Verslag plenaire vergadering
Verslag
VOORSTEL VAN RESOLUTIE
Problematiek van de weekendverblijven
Bespreking
Aan de orde is het voorstel van resolutie van de heren Lachaert en Tobback, mevrouw Vertriest en de heer Lauwers betreffende de problematiek van de weekendverblijven.
De bespreking is geopend.
, verslaggever : Ik verwijs naar mijn schriftelijk verslag.
Ik wil hier wel het woord voeren namens mijn fractie.
Vandaag wordt ons een resolutie ter stemming voorgelegd die beweert een oplossing te beiden voor de problematiek van de weekendverblijven. Wij juichen toe dat er naar oplossingen wordt gezocht. Het parlement heeft echter lang moeten wachten op een beleidsplan.
De resolutie laat een aantal cruciale vragen onbeantwoord.
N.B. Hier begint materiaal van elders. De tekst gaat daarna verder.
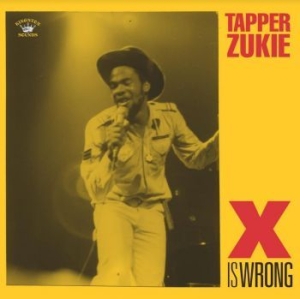 Zukie Tapper - X Is Wrong in the group VINYL / Reggae at Bengans Skivbutik AB (4206468)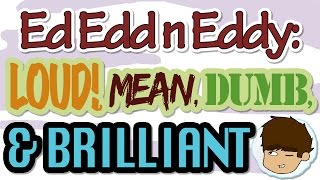 Ed, Edd, N Eddy Loud, Mean, Dumb, & Brilliant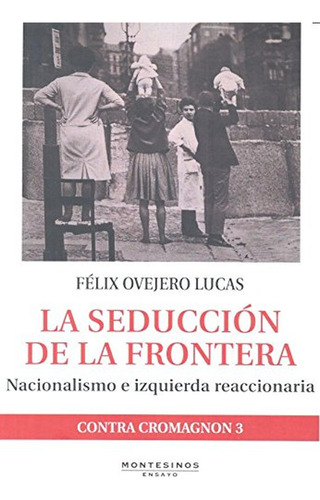 La Seducción De La Frontera: Nacionalismo E Izquierda Reacci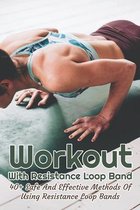 Workout With Resistance Loop Band: 40+ Safe And Effective Methods Of Using Resistance Loop Bands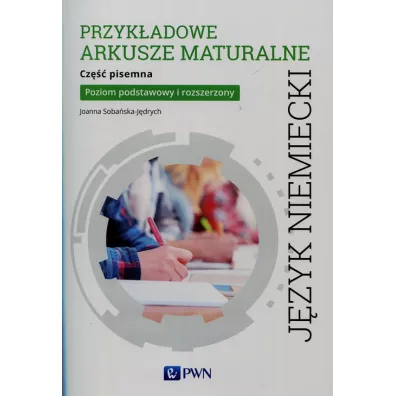 J�zyk niemiecki. Przyk�adowe arkusze maturalne. Cz�� pisemna. Poziom podstawowy i rozszerzony - Joanna Soba�ska-J�drych
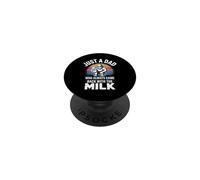 Funny Dad Saying Just A Dad Who Came Back With Milk PopSockets Adhesive PopGrip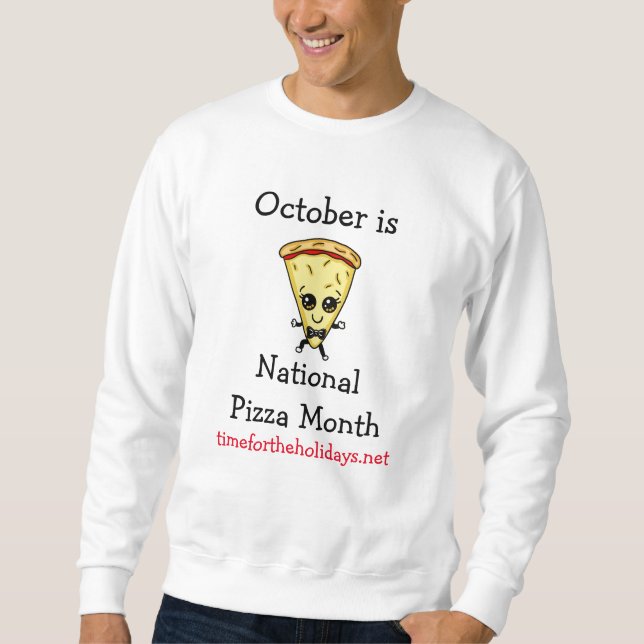 National Pizza Month Funny Food Observances Sweatshirt (Front)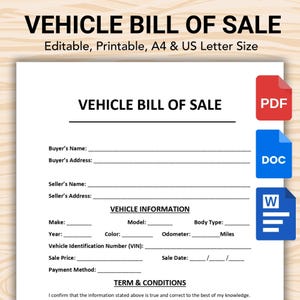 May include: A white vehicle bill of sale template with black text. The document includes fields for buyer and seller information, vehicle details, and terms and conditions. Icons for PDF, DOC, and Word formats are on the right.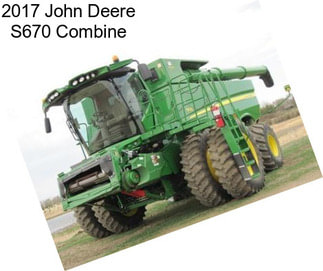 2017 John Deere S670 Combine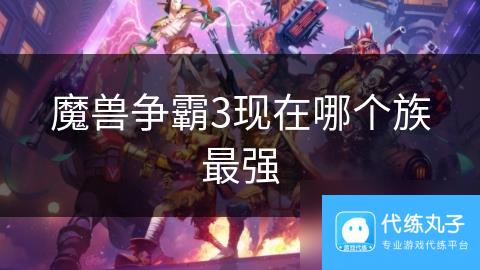 魔兽争霸3现在哪个族最强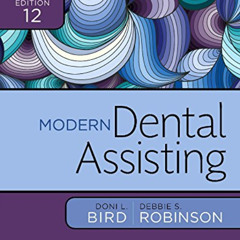 [ACCESS] PDF 💖 Student Workbook for Modern Dental Assisting by  Doni L. Bird CDA  RD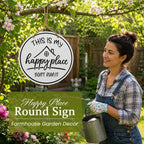 🏡✨Happy Place Round Sign – Farmhouse Garden Decor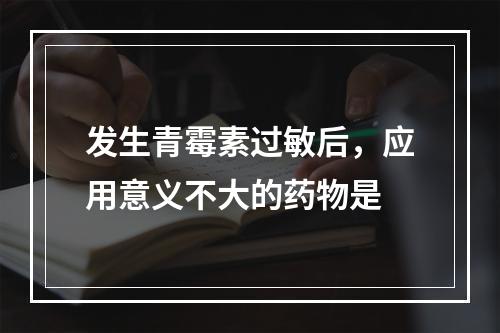 发生青霉素过敏后，应用意义不大的药物是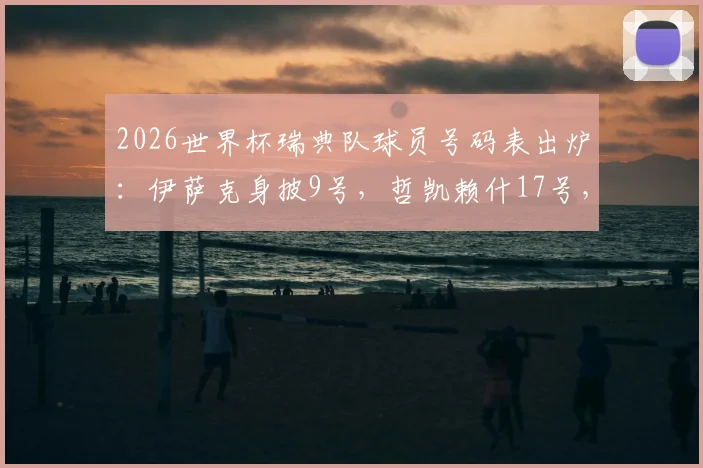 2026世界杯瑞典队球员号码表出炉：伊萨克身披9号，哲凯赖什17号，完整名单抢先看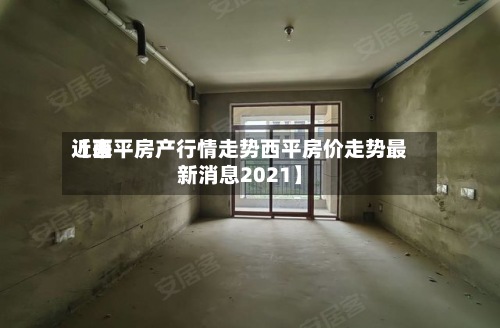近来
【西平房产行情走势西平房价走势最新消息2021】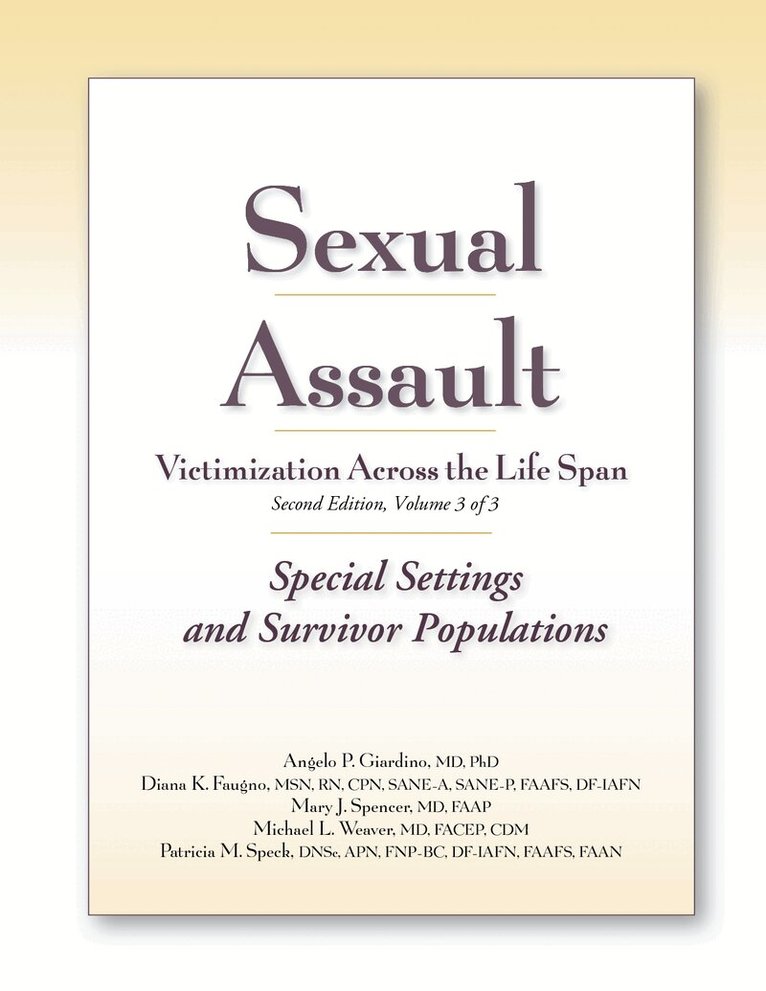Angelo P. Giardino, Diana K. Faugno, Mary J. Spencer, Michael L. Weaver, Patricia M. Speck - Sexual Assault Victimization Across the Life Span Second Edition Volume 3, E-bok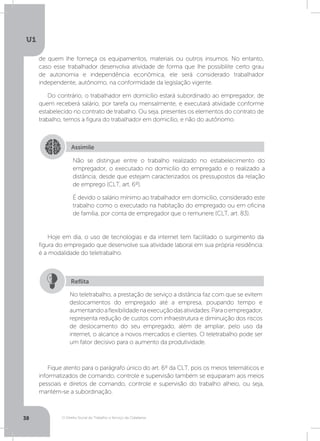 O Direito Social do Trabalho a Serviço da Cidadania
U1
38
de quem lhe forneça os equipamentos, materiais ou outros insumos. No entanto,
caso esse trabalhador desenvolva atividade de forma que lhe possibilite certo grau
de autonomia e independência econômica, ele será considerado trabalhador
independente, autônomo, na conformidade da legislação vigente.
Do contrário, o trabalhador em domicílio estará subordinado ao empregador, de
quem receberá salário, por tarefa ou mensalmente, e executará atividade conforme
estabelecido no contrato de trabalho. Ou seja, presentes os elementos do contrato de
trabalho, temos a figura do trabalhador em domicílio, e não do autônomo.
Hoje em dia, o uso de tecnologias e da internet tem facilitado o surgimento da
figura do empregado que desenvolve sua atividade laboral em sua própria residência:
é a modalidade do teletrabalho.
Fique atento para o parágrafo único do art. 6º da CLT, pois os meios telemáticos e
informatizados de comando, controle e supervisão também se equiparam aos meios
pessoais e diretos de comando, controle e supervisão do trabalho alheio, ou seja,
mantém-se a subordinação.
Assimile
Não se distingue entre o trabalho realizado no estabelecimento do
empregador, o executado no domicílio do empregado e o realizado a
distância, desde que estejam caracterizados os pressupostos da relação
de emprego (CLT, art. 6º).
É devido o salário mínimo ao trabalhador em domicílio, considerado este
trabalho como o executado na habitação do empregado ou em oficina
de família, por conta de empregador que o remunere (CLT, art. 83).
No teletrabalho, a prestação de serviço a distância faz com que se evitem
deslocamentos do empregado até a empresa, poupando tempo e
aumentandoaflexibilidadenaexecuçãodasatividades.Paraoempregador,
representa redução de custos com infraestrutura e diminuição dos riscos
de deslocamento do seu empregado, além de ampliar, pelo uso da
internet, o alcance a novos mercados e clientes. O teletrabalho pode ser
um fator decisivo para o aumento da produtividade.
Reflita
 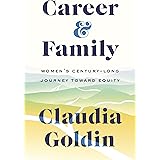 Career and Family: Women’s Century-Long Journey toward Equity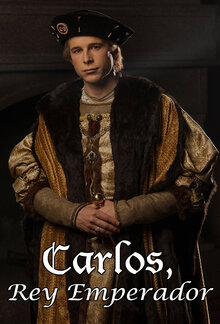 Carlos, Rey Emperador poster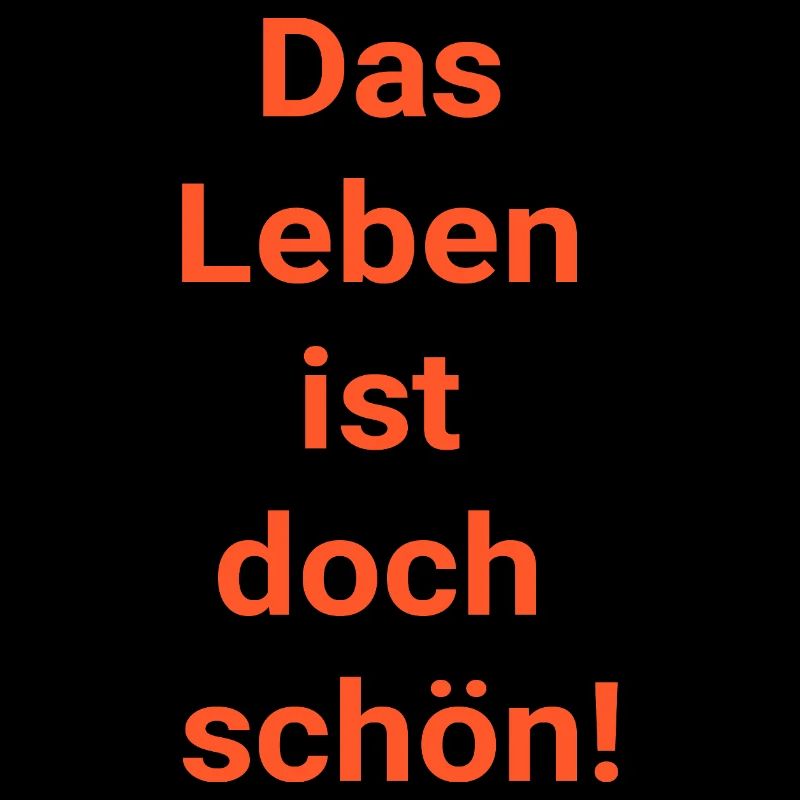 Das Leben ist doch schön!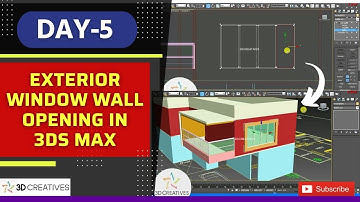 Exterior Window wall opening in 3Ds Max | DAY~5 | 30 Day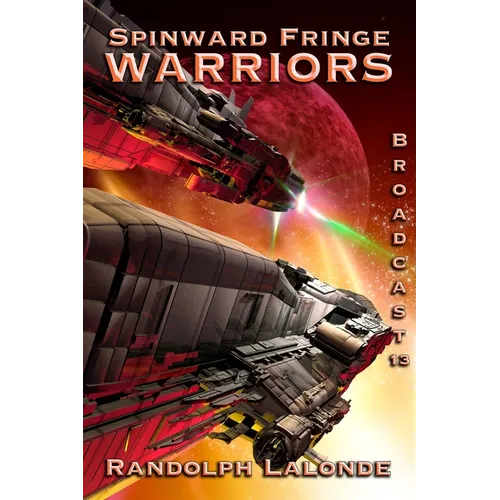 Warriors: Spinward Fringe Broadcast 13 - Paperback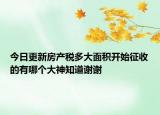今日更新房產(chǎn)稅多大面積開始征收的有哪個大神知道謝謝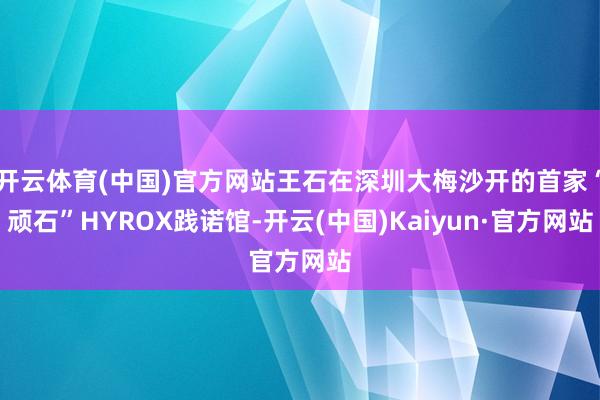 开云体育(中国)官方网站王石在深圳大梅沙开的首家“顽石”HYROX践诺馆-开云(中国)Kaiyun·官方网站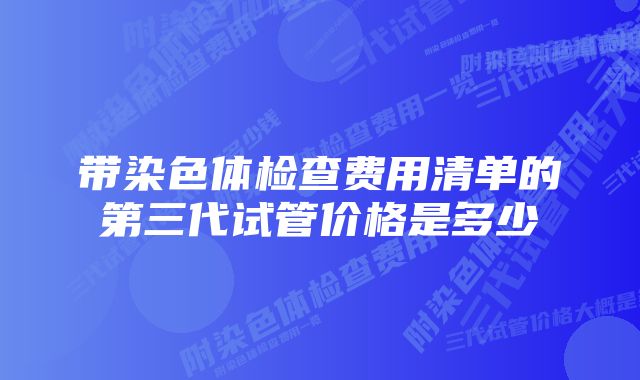 带染色体检查费用清单的第三代试管价格是多少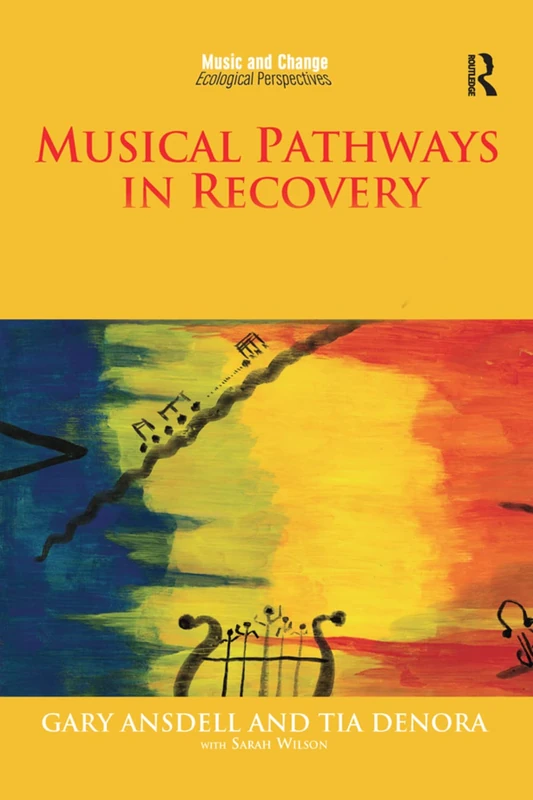 Musical Pathways in Recovery: Community Music Therapy and Mental Wellbeing (Music and Change: Ecological Perspectives)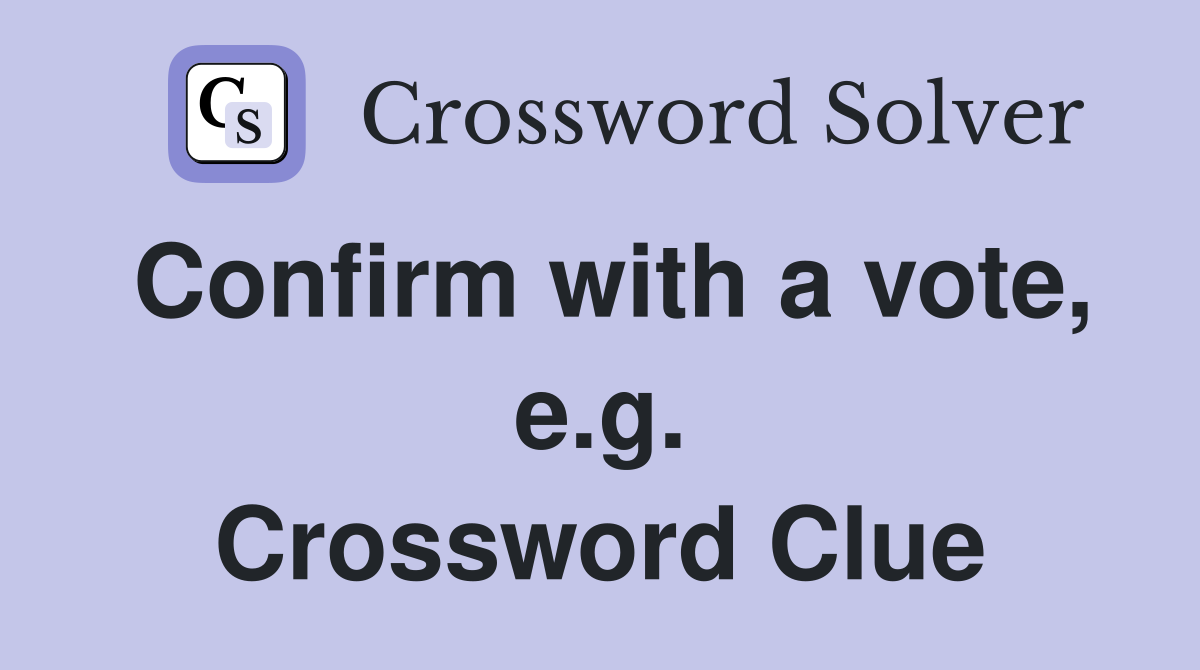 Confirm with a vote, e.g. Crossword Clue
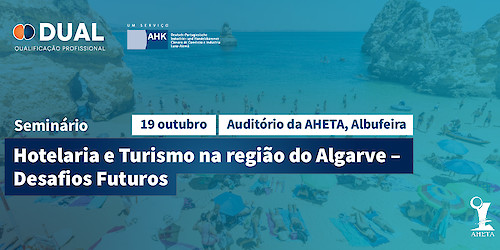 DUAL e AHETA Promovem Seminário sobre os Desafios Futuros da Hotelaria e Turismo no Algarve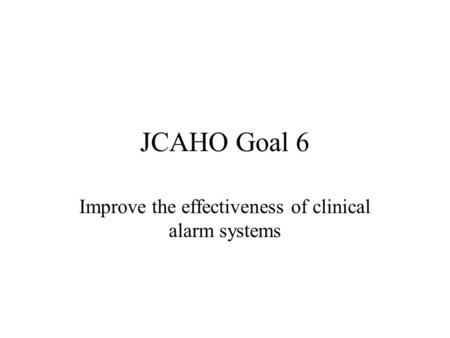 JCAHO Goal 6 Improve the effectiveness of clinical alarm systems.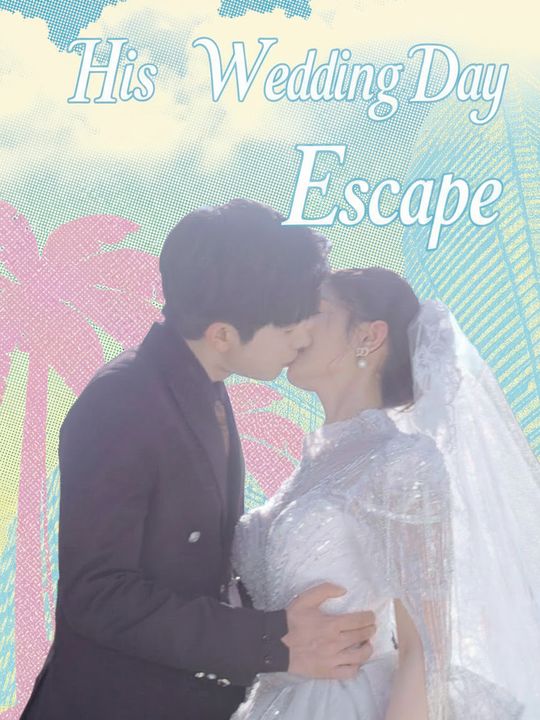 His Wedding Day Escape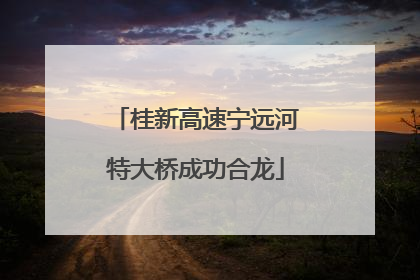 桂新高速宁远河特大桥成功合龙
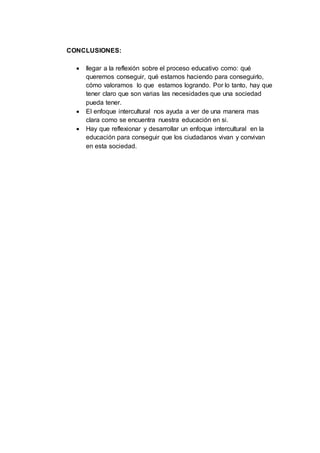 CONCLUSIONES:
 llegar a la reflexión sobre el proceso educativo como: qué
queremos conseguir, qué estamos haciendo para conseguirlo,
cómo valoramos lo que estamos logrando. Por lo tanto, hay que
tener claro que son varias las necesidades que una sociedad
pueda tener.
 El enfoque intercultural nos ayuda a ver de una manera mas
clara como se encuentra nuestra educación en si.
 Hay que reflexionar y desarrollar un enfoque intercultural en la
educación para conseguir que los ciudadanos vivan y convivan
en esta sociedad.
 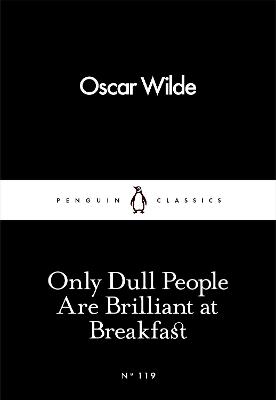 Only Dull People Are Brilliant at Breakfast by Oscar Wilde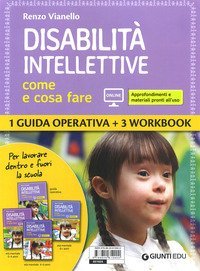 Disabilità intellettive. Come e cosa fare. 1 Guida operativa + 3 Workbook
Een eerste vraag betreft de verhouding tussen het beleidsplan en de resolutie. Ik heb de indruk dat de indieners van de resolutie, die tot de meerderheid behoren, het nodig vonden het beleidsplan wat bij te spijkeren.
In de resolutie wordt een nieuw onderscheid ingevoerd tussen harde en zachte bestemmingszones. De betekenis van deze termen blijft echter onduidelijk. De dossiers zullen volgens de minister geval per geval moeten beoordeeld worden, wat de rechtsonzekerheid zal bestendigen. Deze werkwijze maskeert de onenigheid binnen de meerderheid.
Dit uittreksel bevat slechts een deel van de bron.